If ever there was a venue tailor-made for an NRA Country concert, it’s the Large Arena at the Pennsylvania Farm Complex in Harrisburg, Pa. The final Saturday evening capped the Great American Outdoor Show, and sportsmen and women were ready to party.
Imagine 5,000 young, dedicated country music fans rolling in hot off the show floor, grabbing a beer and piling into an old-school, gymnasium-looking dome that’s right out of the movie "Hoosiers." There are lights and smoke, and the audience is packed in, standing hands-in-the-air near the stage while those in the vertical seating of the second and third decks are screaming their camo-wearing heads off.
If ever there was an artist tailor-made for this venue it is Brantley Gilbert. He’s hotter than ammo sales right now, and right now, he’s tearing it up.
“I’m a huge believer in the Second Amendment!” yells Gilbert before he breaks in to another self-penned song about what would happen if a bad guy tried to hurt his family. “This one’s called ‘Read … Me … My … Rights!’” Throngs of Pennsylvanians go nuts.
The reigning ACM New Male Artist of the Year is not your typical young country singer—many of whom are cut from a mass-produced mold like leather boots at the Justin factory. He’s a guitar-ripping biker dude who dresses like Mad Max, likes to hunt, fish and stretch the country music envelope a country-mile wide.
A Georgia native, his dad gave him a .22 rifle when he was five, and he can’t recall how many squirrels it’s taken. Nowadays he’s addicted to hunting big bucks. That’s what he does when he’s not roaming the country amid his current “Hell on Wheels” tour. But right now he’s plugged-in and jamming to his own lyrics and a thundering country vibe that’s largely southern rock.
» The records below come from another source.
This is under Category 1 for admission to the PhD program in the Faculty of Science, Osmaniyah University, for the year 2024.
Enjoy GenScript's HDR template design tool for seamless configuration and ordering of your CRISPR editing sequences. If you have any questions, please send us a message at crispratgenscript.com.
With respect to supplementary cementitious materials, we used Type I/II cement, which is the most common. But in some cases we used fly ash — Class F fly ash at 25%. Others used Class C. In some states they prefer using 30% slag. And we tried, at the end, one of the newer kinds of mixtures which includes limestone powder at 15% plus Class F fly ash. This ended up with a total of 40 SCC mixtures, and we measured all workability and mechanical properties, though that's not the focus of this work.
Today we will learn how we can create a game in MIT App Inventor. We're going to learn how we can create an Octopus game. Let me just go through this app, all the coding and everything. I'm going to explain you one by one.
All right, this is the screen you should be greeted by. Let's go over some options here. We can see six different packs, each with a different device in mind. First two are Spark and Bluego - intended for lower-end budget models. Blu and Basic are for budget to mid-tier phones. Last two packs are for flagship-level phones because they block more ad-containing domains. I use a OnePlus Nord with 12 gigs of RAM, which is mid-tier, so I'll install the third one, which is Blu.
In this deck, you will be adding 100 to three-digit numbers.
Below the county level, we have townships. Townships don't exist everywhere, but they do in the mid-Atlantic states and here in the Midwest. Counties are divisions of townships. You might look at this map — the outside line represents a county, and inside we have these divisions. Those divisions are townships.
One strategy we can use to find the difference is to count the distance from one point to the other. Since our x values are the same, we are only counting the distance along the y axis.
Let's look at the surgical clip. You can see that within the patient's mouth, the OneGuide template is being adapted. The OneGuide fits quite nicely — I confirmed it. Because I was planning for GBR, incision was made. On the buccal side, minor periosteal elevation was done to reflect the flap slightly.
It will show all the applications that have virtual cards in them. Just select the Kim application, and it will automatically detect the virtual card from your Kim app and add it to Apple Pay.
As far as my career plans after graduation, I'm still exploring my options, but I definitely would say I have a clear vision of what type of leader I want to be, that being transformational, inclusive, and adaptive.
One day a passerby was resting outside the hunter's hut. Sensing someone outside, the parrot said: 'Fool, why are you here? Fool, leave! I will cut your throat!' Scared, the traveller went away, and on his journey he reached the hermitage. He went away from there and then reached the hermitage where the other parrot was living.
The 29-year-old singer-songwriter never hesitated when he took this gig on short notice, because the NRA Country brand, which celebrates an outdoor lifestyle and American values, is right in his wheelhouse. He lets the rowdy, living-for-the-weekend crowd know it at every opportunity with pro-freedom messages, and they’re eating it up like the guns, fishing lures, boats and bows they perused only hours ago.
Gilbert opened with his hit song, “My Kinda Party” and didn’t stop until he’d plowed through a dozen songs, including the night’s adopted theme song, “Country Must Be Countrywide.” Finally, he paused to thank his opening acts, LuQuire—a dedicated hunter—and Nate Hosie, the host of the hunting show HeadHunters TV and a Pennsylvanian himself.
If folks thought Hosie only pulls bowstrings and doesn’t bend six often, they learned something. LuQuire shot a 10-point buck this past year on family land, and her songs reek of the lifestyle—hard work and good fun—that NRA Country espouses. So with smoke roiling off the stage, the lights dimmed and fans chanted for Brantley, the man they’d paid to see.
If you aren’t familiar with this up-and-already-here artist, then you haven’t been keeping up with country music. He sports a couple of earrings, and he’s in no way resembles George Strait. He plays a hearing-aid-hammering style of country music your granddad wouldn’t like. Young folks dig it, and before it was over he was literally in the pit with fans, thanking them with fist-bumps or a sweaty embrace. By midnight, all who bought a ticket got their $35 worth.
“The sold-out crowd of 30-and-unders shows the strength of the NRA Country brand,” said NRA Country’s Vanessa Shahidi, “and we can't wait to be back in Harrisburg next year."
Brantley Gilbert is NRA Country, and NRA Country is the 250,000 or so patrons who stopped by the Great American Outdoor Show and made it the best forum for sportsmen and women in the U.S. And it’s only growing. NRA started it, while NRA Country and Brantley Gilbert capped it off on Saturday night in the Large Arena that could’ve more appropriately been called the Thunderdome.